Anonymous ID: 9d1942 June 20, 2023, 6:37 a.m. No.19037773   🗄️.is 🔗kun   >>7784 >>7965 >>8074

https://www.msn.com/en-us/news/us/hunter-biden-reaches-deal-to-plead-guilty-in-tax-gun-case/ar-AA1cNre5?ocid

 

President Biden’s son Hunter has reached a tentative agreement with federal prosecutors to plead guilty to two minor tax crimes and admit to the facts of a gun charge under terms that would likely keep him out of jail, according to court papers filed Tuesday.

 

Any proposed plea deal would have to be approved by a federal judge, and it was not immediately clear what day Hunter Biden, 53, might appear in court to enter his guilty plea.

 

The agreement caps an investigation that was opened in 2018 during the Trump administration, and has generated intense interest and criticism since 2020 from Republican politicians who accused the Biden administration of reluctance to pursue the case.

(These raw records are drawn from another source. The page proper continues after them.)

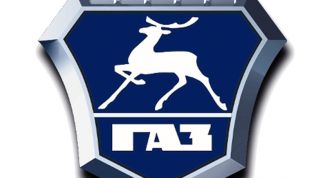 Картинка по теме - как смотать спидометр на газ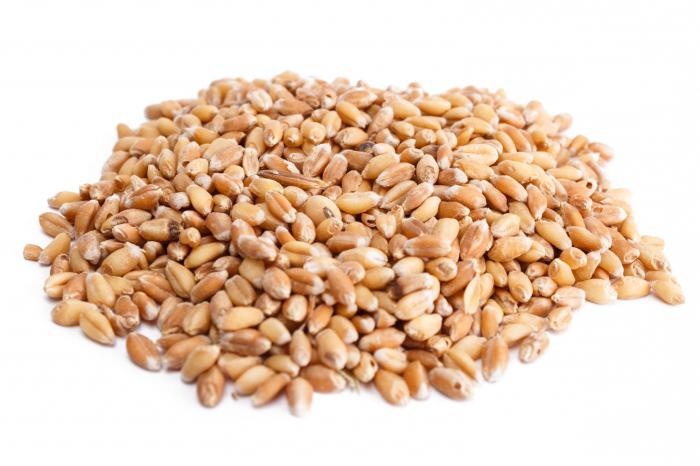 клијавост пшенице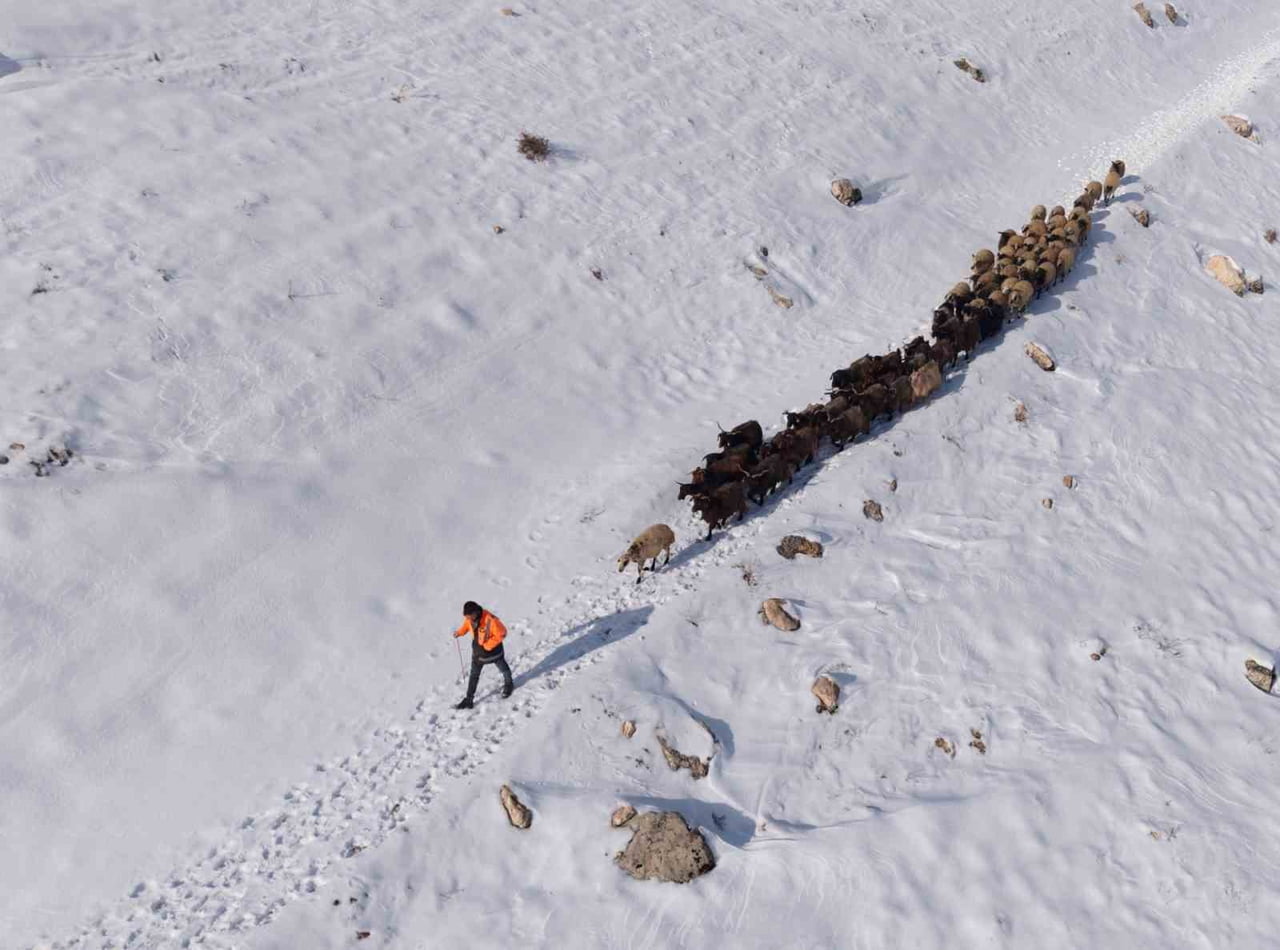 MARDİN’DE BESİCİLERİN ZORLU "KAR" MESAİSİ: SÜRÜLER BEYAZ ÖRTÜDE YOL  ALIYOR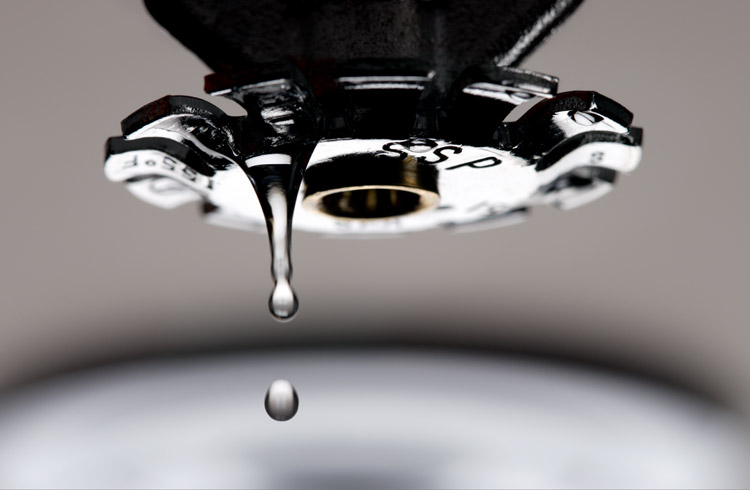 --sprinkler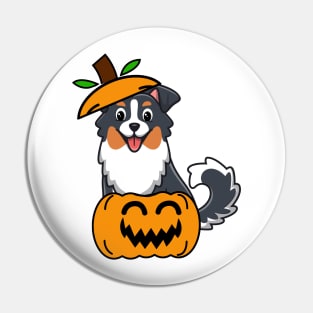 Cute Collie Dog is in a pumpkin Pin
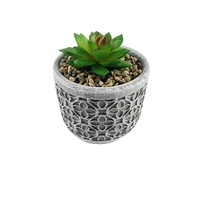 Vente en gros de plantes vertes artificielles en pot, petits arbres verts en ciment pour la décoration de la maison et du jardin, pots à herbes, graines et fleurs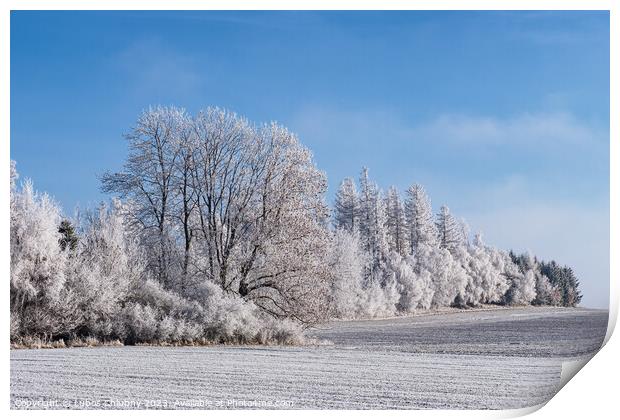 Winter landscape with trees covered with hoarfrost Print by Lubos Chlubny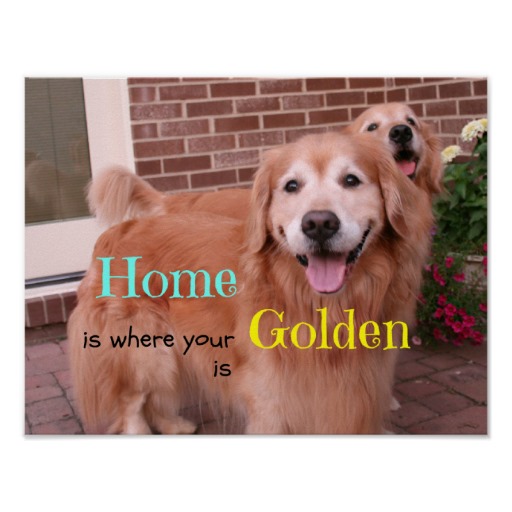 Retriever Quotes Quotesgram Retriever Quotes Quotesgram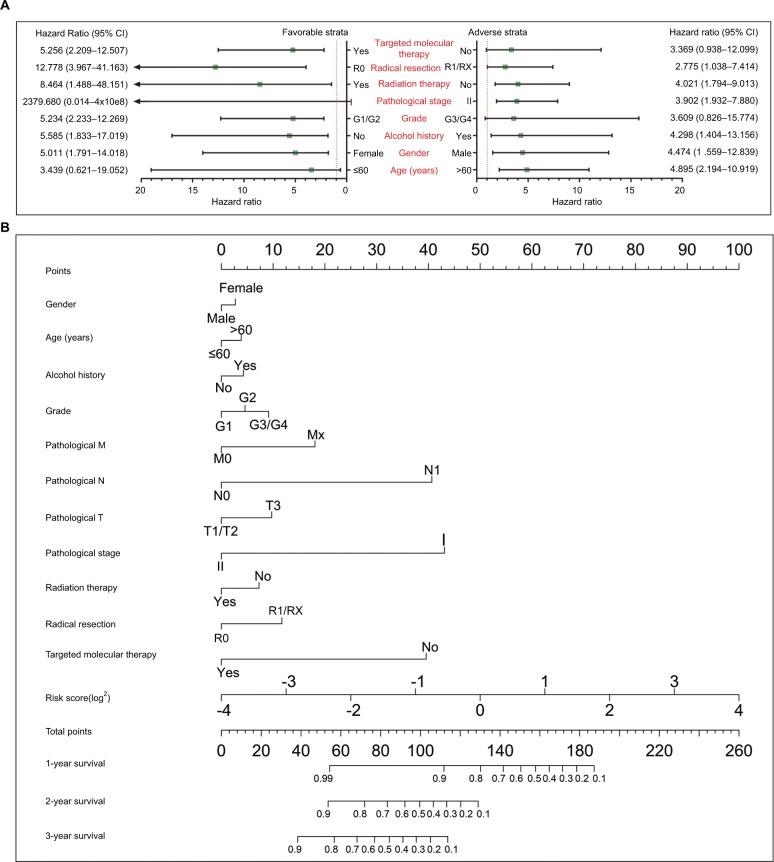 https://cdn.ncbi.nlm.nih.gov/pmc/blobs/682b/6089101/d161aa1c9c5b/cmar-10-2537Fig4.jpg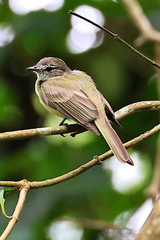 Myiopagis viridicata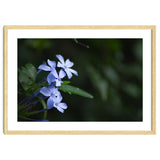 BLOSSOM. thumbnail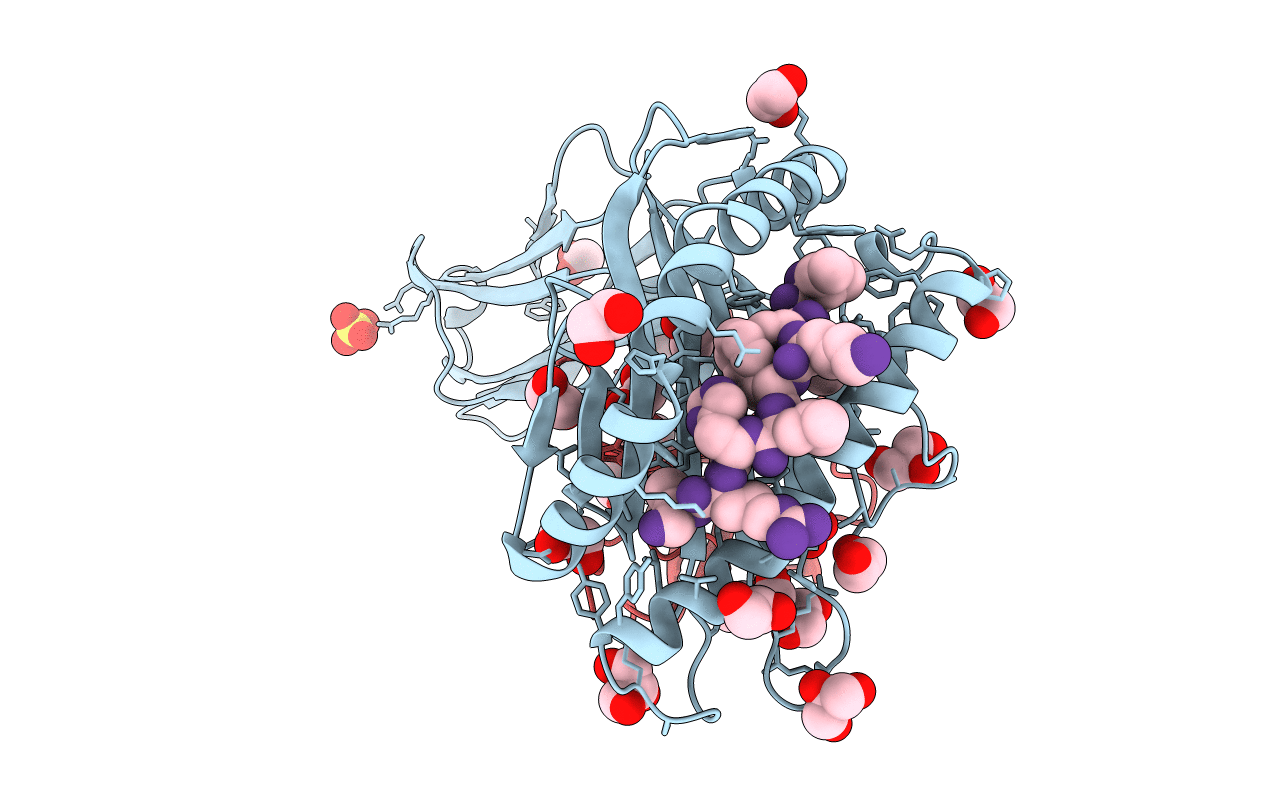 4I4W image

The terms of the proposed deal — negotiated with Delaware U.S. Attorney David Weiss, a holdover from President Donald Trump’s administration — are likely to face similar scrutiny.

 

The court papers indicate the younger Biden has tentatively agreed to plead guilty to two misdemeanor tax charges of failure to pay in 2017 and 2018. The combined tax liability is roughly $1.2 million over those years, according to people familiar with the matter who spoke on condition of anonymity to describe details of the agreement that are not yet public. Prosecutors plan to recommend a sentence of probation for those counts, these people said. Biden’s representatives have said he previously paid back the IRS what he owed.

 

Additionally, Biden plans to admit to illegally possessing a weapon following his 2018 purchase of a handgun. As part of that admission, he expects to be entered in a diversion program, a less punitive form of sentence typically applied to people with substance abuse problems. In all, prosecutors would recommend two years of probation and diversion conditions. If Biden successfully meets the conditions of the diversion program, the gun charge would be removed from his record at the end of that period, the people said.

 

The gun purchase that led to the criminal charge happened in late 2018, at a time when, by his own telling in his autobiography, Hunter Biden was regularly abusing crack cocaine. When he filled out paperwork to buy the gun, however, he denied using drugs or having a drug problem, exposing him to a potential charge of making a false statement on the document, as well as illegal gun possession once he acquired the weapon. Biden owned the gun for less than two weeks, because his then-girlfriend threw it away, according to public accounts of that time period.

 

Hunter Biden’s proposed plea deal will likely become grist for the 2024 presidential race, as the nation’s two main parties once again debate the influence of politics on law enforcement, and the effects of law-enforcement investigations on political campaigns.

 

Biden’s defenders have argued that Hunter Biden is a recovering addict accused of relatively minor offenses — the type of case that would not typically be prosecuted by federal authorities, barring some additional aggravating factors that are not present in this case. They suggest the investigation would have been dropped long ago if he wasn’t the president’s son.

 

Republicans seeking to win back the White House have sought to tie Hunter Biden’s legal woes directly to his father, claiming the extent of wrongdoing in the Biden family goes far beyond a simple tax and gun case, and that the Justice Department is trying to avoid prosecuting more serious matters. Attorney General Merrick Garland has said he gave full authority over the investigation to Weiss, a Trump appointee, and would not interfere in any charging decision.

 

Trump, who is the early front-runner for the 2024 Republican nomination for president, frequently tries to contrast the Justice Department’s treatment of Hunter Biden with his own legal jeopardy involving the discovery that hundreds of classified documents were kept at his Mar-a-Lago home and private club. Trump was indicted earlier this month on 37 federal charges of withholding highly sensitive national security information and trying to prevent the federal government from regaining possession of that material. He has denied wrongdoing.